The Southwest Four Wheel Drive Association and the Las Cruces Four Wheel Drive Club filed a lawsuit last summer against the BLM over road closures in the Robledo Mountains of southern New Mexico.
The Wilderness Alliance and the national Wilderness Society recently sided with the BLM in the lawsuit.
"The primary reason that the lawsuit was filed is we feel a government agency has inappropriately and illegally closed land to public access," said Homer Van Zandt, president of the Southwest Four Wheel Drive Association.
Environmentalists say the fragile ecosystem is damaged by dirt bikes and other off-road vehicles.
"It's quickly becoming the No. 1 threat to wild land throughout the West," said Edward Sullivan, executive director of the New Mexico Wilderness Alliance.
The problems in the Robledo Mountains began when the BLM closed some trails in a section set aside as a possible wilderness area.
"I found that there were increased levels of impact to the wilderness values and the scenic values of the Robledo Mountains," said Mark Hakkila, natural resources specialist in the BLM's Las Cruces office.
At the same time the closures were enacted, Hakkila said he worked with the off-roaders to open new and challenging trails.
"I planned them to be in the canyon bottoms," he said. "They're pretty much hidden down there."
Even though the off-roaders like the canyon trails, they sued in June because they didn't think the BLM should have limited their access to other trails.

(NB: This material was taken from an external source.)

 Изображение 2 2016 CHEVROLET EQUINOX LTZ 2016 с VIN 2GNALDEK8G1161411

Greg Magee, a Las Cruces landscape architect, regularly hikes in the Robledos.
"What I've seen blows me away," Magee said referring to tire tracks going up and over a 4-foot-high rock ledge and damage to vegetation.

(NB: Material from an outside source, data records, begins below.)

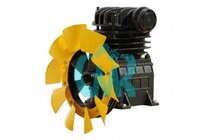 Компрессорная головка С412М, Бежецк АСО (Новокузнецк)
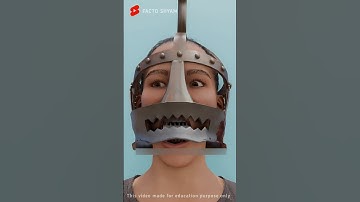 Unveiling the Brutal Punishment for Women in History (3D Animation) #shorts #animation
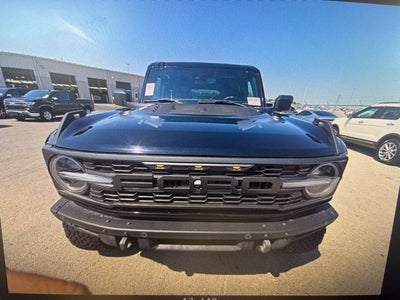 2023 Ford Bronco Raptor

The popularity growth of off-roading is also evident in the Santa Fe National Forest near Abiquiu.
Sullivan of the Wilderness Alliance visited a section of the Santa Fe National Forest earlier this year.
"This is unbelievable," he said as he looked up at a series of seven tracks going up a hillside too steep to hike. "You can see how after continued use, the ruts become really deep and those are automatic channels for runoff," Sullivan said.
The Forest Service and the BLM have spent much of this year grappling with how to manage off-road vehicle use.
Off-roading is allowed on Forest Service land, but only on trails that are not marked with closed signs.
"The signs are often purposefully taken down because many people know that with the 'open unless marked closed' law, no sign means no ticket if they get caught," Sullivan said. "The law is almost an incentive to tear down the signs."
Environmentalists say people go out and create new roads all the time, but "in reality, I don't think that happens very much," said Mark Werkmeister of New Mexico 4-Wheelers.
He also denied the charge that people are taking down signs.
"We're environmentalists, too. We're conservationists. The reason we do what we do is because the outdoors is beautiful and we want to enjoy it," he said.